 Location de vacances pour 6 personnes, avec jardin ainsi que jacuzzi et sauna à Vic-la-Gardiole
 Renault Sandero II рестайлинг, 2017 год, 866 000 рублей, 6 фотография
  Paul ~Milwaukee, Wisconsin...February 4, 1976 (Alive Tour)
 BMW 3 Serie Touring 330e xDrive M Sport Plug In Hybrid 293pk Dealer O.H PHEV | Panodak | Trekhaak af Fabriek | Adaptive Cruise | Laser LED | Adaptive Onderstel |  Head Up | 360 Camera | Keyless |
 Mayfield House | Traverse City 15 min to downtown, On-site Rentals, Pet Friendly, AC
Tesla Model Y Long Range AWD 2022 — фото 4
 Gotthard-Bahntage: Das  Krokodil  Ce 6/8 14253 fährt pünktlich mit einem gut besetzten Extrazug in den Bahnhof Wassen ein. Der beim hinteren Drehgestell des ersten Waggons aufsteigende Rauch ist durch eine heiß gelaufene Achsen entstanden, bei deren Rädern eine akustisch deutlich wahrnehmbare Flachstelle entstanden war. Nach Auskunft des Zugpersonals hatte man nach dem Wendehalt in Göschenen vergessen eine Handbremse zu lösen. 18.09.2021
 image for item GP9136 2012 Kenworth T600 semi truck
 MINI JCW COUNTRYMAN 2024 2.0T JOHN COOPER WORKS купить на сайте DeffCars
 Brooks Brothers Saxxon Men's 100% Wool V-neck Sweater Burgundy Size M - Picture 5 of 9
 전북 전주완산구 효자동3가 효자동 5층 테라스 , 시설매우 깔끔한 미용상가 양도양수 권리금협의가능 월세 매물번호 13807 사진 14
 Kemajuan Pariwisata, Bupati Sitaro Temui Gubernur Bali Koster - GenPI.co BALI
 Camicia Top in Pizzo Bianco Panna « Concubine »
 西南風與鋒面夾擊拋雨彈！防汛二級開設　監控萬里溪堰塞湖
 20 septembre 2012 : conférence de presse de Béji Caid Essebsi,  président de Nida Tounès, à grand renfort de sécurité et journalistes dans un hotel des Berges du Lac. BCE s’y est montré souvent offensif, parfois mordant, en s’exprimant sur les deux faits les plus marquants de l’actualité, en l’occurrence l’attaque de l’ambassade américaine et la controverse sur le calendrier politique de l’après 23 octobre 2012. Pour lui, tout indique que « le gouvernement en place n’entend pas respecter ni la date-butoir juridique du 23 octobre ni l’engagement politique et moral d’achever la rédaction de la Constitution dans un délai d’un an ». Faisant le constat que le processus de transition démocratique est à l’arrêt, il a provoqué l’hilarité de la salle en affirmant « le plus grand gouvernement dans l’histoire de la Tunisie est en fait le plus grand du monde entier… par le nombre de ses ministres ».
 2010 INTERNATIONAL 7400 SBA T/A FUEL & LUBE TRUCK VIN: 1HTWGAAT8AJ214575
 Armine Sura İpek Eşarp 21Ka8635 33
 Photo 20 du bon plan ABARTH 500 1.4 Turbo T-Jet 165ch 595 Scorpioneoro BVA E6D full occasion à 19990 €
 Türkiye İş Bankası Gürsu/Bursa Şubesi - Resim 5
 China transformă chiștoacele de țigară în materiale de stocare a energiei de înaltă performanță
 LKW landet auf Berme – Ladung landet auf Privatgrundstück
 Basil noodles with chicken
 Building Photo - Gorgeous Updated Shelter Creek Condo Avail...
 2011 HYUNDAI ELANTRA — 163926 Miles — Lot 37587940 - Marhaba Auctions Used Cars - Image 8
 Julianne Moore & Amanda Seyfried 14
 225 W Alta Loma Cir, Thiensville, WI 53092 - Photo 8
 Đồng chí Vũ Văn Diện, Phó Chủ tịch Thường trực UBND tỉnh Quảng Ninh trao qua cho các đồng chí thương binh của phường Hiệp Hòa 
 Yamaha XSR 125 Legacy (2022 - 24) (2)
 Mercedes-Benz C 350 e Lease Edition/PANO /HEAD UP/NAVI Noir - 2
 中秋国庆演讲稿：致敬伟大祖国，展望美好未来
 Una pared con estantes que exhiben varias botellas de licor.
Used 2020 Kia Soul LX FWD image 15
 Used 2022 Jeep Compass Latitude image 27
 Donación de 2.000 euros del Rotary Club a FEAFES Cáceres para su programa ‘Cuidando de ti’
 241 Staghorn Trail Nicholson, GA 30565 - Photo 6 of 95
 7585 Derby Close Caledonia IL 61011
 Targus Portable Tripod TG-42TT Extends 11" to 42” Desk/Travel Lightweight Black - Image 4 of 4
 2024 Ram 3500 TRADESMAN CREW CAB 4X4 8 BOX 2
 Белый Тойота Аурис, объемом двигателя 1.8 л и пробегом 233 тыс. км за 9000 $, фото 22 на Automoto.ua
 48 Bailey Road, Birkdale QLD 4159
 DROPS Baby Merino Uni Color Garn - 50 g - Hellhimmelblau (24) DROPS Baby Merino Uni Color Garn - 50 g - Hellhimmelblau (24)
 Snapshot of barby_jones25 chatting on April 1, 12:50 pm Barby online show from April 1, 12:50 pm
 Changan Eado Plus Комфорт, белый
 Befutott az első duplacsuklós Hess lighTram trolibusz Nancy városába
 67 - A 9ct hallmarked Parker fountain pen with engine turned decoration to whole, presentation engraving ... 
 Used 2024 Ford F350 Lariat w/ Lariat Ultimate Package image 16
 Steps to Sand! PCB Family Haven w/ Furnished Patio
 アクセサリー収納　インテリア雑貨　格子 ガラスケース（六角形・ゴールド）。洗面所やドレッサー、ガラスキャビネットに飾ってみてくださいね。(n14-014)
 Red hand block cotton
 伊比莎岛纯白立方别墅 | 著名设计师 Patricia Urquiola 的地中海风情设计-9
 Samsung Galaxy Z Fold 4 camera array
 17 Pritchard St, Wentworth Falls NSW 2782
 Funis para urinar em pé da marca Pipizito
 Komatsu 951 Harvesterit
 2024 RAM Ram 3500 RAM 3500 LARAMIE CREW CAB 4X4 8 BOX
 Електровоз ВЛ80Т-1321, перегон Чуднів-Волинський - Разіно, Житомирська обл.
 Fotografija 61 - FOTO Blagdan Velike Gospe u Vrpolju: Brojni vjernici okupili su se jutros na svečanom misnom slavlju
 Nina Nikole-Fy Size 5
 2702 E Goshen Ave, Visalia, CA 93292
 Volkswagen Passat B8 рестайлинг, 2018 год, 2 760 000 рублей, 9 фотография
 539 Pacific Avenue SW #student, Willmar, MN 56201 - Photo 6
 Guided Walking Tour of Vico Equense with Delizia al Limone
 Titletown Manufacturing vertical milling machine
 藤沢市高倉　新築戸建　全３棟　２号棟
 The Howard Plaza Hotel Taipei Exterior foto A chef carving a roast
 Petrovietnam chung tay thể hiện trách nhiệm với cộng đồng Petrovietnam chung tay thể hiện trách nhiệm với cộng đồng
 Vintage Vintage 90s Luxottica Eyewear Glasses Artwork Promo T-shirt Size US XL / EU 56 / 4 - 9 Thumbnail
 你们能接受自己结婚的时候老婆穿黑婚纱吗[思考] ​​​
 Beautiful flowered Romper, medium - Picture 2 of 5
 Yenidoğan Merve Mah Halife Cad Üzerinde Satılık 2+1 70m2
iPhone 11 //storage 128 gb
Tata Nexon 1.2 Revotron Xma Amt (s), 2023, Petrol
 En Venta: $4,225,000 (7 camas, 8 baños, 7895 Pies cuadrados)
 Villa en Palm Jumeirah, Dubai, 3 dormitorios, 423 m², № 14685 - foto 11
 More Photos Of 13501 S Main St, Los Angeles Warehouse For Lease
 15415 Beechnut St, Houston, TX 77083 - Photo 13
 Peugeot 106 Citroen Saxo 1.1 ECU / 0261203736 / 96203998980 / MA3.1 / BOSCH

====

• **WHAT TO WORK ON**
Repeat every line of the records above exactly.

• **ANSWER TO THE EXERCISE**
 Location de vacances pour 6 personnes, avec jardin ainsi que jacuzzi et sauna à Vic-la-Gardiole
 Renault Sandero II рестайлинг, 2017 год, 866 000 рублей, 6 фотография
  Paul ~Milwaukee, Wisconsin...February 4, 1976 (Alive Tour)
 BMW 3 Serie Touring 330e xDrive M Sport Plug In Hybrid 293pk Dealer O.H PHEV | Panodak | Trekhaak af Fabriek | Adaptive Cruise | Laser LED | Adaptive Onderstel |  Head Up | 360 Camera | Keyless |
 Mayfield House | Traverse City 15 min to downtown, On-site Rentals, Pet Friendly, AC
Tesla Model Y Long Range AWD 2022 — фото 4
 Gotthard-Bahntage: Das  Krokodil  Ce 6/8 14253 fährt pünktlich mit einem gut besetzten Extrazug in den Bahnhof Wassen ein. Der beim hinteren Drehgestell des ersten Waggons aufsteigende Rauch ist durch eine heiß gelaufene Achsen entstanden, bei deren Rädern eine akustisch deutlich wahrnehmbare Flachstelle entstanden war. Nach Auskunft des Zugpersonals hatte man nach dem Wendehalt in Göschenen vergessen eine Handbremse zu lösen. 18.09.2021
 image for item GP9136 2012 Kenworth T600 semi truck
 MINI JCW COUNTRYMAN 2024 2.0T JOHN COOPER WORKS купить на сайте DeffCars
 Brooks Brothers Saxxon Men's 100% Wool V-neck Sweater Burgundy Size M - Picture 5 of 9
 전북 전주완산구 효자동3가 효자동 5층 테라스 , 시설매우 깔끔한 미용상가 양도양수 권리금협의가능 월세 매물번호 13807 사진 14
 Kemajuan Pariwisata, Bupati Sitaro Temui Gubernur Bali Koster - GenPI.co BALI
 Camicia Top in Pizzo Bianco Panna « Concubine »
 西南風與鋒面夾擊拋雨彈！防汛二級開設　監控萬里溪堰塞湖
 20 septembre 2012 : conférence de presse de Béji Caid Essebsi,  président de Nida Tounès, à grand renfort de sécurité et journalistes dans un hotel des Berges du Lac. BCE s’y est montré souvent offensif, parfois mordant, en s’exprimant sur les deux faits les plus marquants de l’actualité, en l’occurrence l’attaque de l’ambassade américaine et la controverse sur le calendrier politique de l’après 23 octobre 2012. Pour lui, tout indique que « le gouvernement en place n’entend pas respecter ni la date-butoir juridique du 23 octobre ni l’engagement politique et moral d’achever la rédaction de la Constitution dans un délai d’un an ». Faisant le constat que le processus de transition démocratique est à l’arrêt, il a provoqué l’hilarité de la salle en affirmant « le plus grand gouvernement dans l’histoire de la Tunisie est en fait le plus grand du monde entier… par le nombre de ses ministres ».
 2010 INTERNATIONAL 7400 SBA T/A FUEL & LUBE TRUCK VIN: 1HTWGAAT8AJ214575
 Armine Sura İpek Eşarp 21Ka8635 33
 Photo 20 du bon plan ABARTH 500 1.4 Turbo T-Jet 165ch 595 Scorpioneoro BVA E6D full occasion à 19990 €
 Türkiye İş Bankası Gürsu/Bursa Şubesi - Resim 5
 China transformă chiștoacele de țigară în materiale de stocare a energiei de înaltă performanță
 LKW landet auf Berme – Ladung landet auf Privatgrundstück
 Basil noodles with chicken
 Building Photo - Gorgeous Updated Shelter Creek Condo Avail...
 2011 HYUNDAI ELANTRA — 163926 Miles — Lot 37587940 - Marhaba Auctions Used Cars - Image 8
 Julianne Moore & Amanda Seyfried 14
 225 W Alta Loma Cir, Thiensville, WI 53092 - Photo 8
 Đồng chí Vũ Văn Diện, Phó Chủ tịch Thường trực UBND tỉnh Quảng Ninh trao qua cho các đồng chí thương binh của phường Hiệp Hòa 
 Yamaha XSR 125 Legacy (2022 - 24) (2)
 Mercedes-Benz C 350 e Lease Edition/PANO /HEAD UP/NAVI Noir - 2
 中秋国庆演讲稿：致敬伟大祖国，展望美好未来
 Una pared con estantes que exhiben varias botellas de licor.
Used 2020 Kia Soul LX FWD image 15
 Used 2022 Jeep Compass Latitude image 27
 Donación de 2.000 euros del Rotary Club a FEAFES Cáceres para su programa ‘Cuidando de ti’
 241 Staghorn Trail Nicholson, GA 30565 - Photo 6 of 95
 7585 Derby Close Caledonia IL 61011
 Targus Portable Tripod TG-42TT Extends 11" to 42” Desk/Travel Lightweight Black - Image 4 of 4
 2024 Ram 3500 TRADESMAN CREW CAB 4X4 8 BOX 2
 Белый Тойота Аурис, объемом двигателя 1.8 л и пробегом 233 тыс. км за 9000 $, фото 22 на Automoto.ua
 48 Bailey Road, Birkdale QLD 4159
 DROPS Baby Merino Uni Color Garn - 50 g - Hellhimmelblau (24) DROPS Baby Merino Uni Color Garn - 50 g - Hellhimmelblau (24)
 Snapshot of barby_jones25 chatting on April 1, 12:50 pm Barby online show from April 1, 12:50 pm
 Changan Eado Plus Комфорт, белый
 Befutott az első duplacsuklós Hess lighTram trolibusz Nancy városába
 67 - A 9ct hallmarked Parker fountain pen with engine turned decoration to whole, presentation engraving ... 
 Used 2024 Ford F350 Lariat w/ Lariat Ultimate Package image 16
 Steps to Sand! PCB Family Haven w/ Furnished Patio
 アクセサリー収納　インテリア雑貨　格子 ガラスケース（六角形・ゴールド）。洗面所やドレッサー、ガラスキャビネットに飾ってみてくださいね。(n14-014)
 Red hand block cotton
 伊比莎岛纯白立方别墅 | 著名设计师 Patricia Urquiola 的地中海风情设计-9
 Samsung Galaxy Z Fold 4 camera array
 17 Pritchard St, Wentworth Falls NSW 2782
 Funis para urinar em pé da marca Pipizito
 Komatsu 951 Harvesterit
 2024 RAM Ram 3500 RAM 3500 LARAMIE CREW CAB 4X4 8 BOX
 Електровоз ВЛ80Т-1321, перегон Чуднів-Волинський - Разіно, Житомирська обл.
 Fotografija 61 - FOTO Blagdan Velike Gospe u Vrpolju: Brojni vjernici okupili su se jutros na svečanom misnom slavlju
 Nina Nikole-Fy Size 5
 2702 E Goshen Ave, Visalia, CA 93292
 Volkswagen Passat B8 рестайлинг, 2018 год, 2 760 000 рублей, 9 фотография
 539 Pacific Avenue SW #student, Willmar, MN 56201 - Photo 6
 Guided Walking Tour of Vico Equense with Delizia al Limone
 Titletown Manufacturing vertical milling machine
 藤沢市高倉　新築戸建　全３棟　２号棟
 The Howard Plaza Hotel Taipei Exterior foto A chef carving a roast
 Petrovietnam chung tay thể hiện trách nhiệm với cộng đồng Petrovietnam chung tay thể hiện trách nhiệm với cộng đồng
 Vintage Vintage 90s Luxottica Eyewear Glasses Artwork Promo T-shirt Size US XL / EU 56 / 4 - 9 Thumbnail
 你们能接受自己结婚的时候老婆穿黑婚纱吗[思考] ​​​
 Beautiful flowered Romper, medium - Picture 2 of 5
 Yenidoğan Merve Mah Halife Cad Üzerinde Satılık 2+1 70m2
iPhone 11 //storage 128 gb
Tata Nexon 1.2 Revotron Xma Amt (s), 2023, Petrol
 En Venta: $4,225,000 (7 camas, 8 baños, 7895 Pies cuadrados)
 Villa en Palm Jumeirah, Dubai, 3 dormitorios, 423 m², № 14685 - foto 11
 More Photos Of 13501 S Main St, Los Angeles Warehouse For Lease
 15415 Beechnut St, Houston, TX 77083 - Photo 13
 Peugeot 106 Citroen Saxo 1.1 ECU / 0261203736 / 96203998980 / MA3.1 / BOSCH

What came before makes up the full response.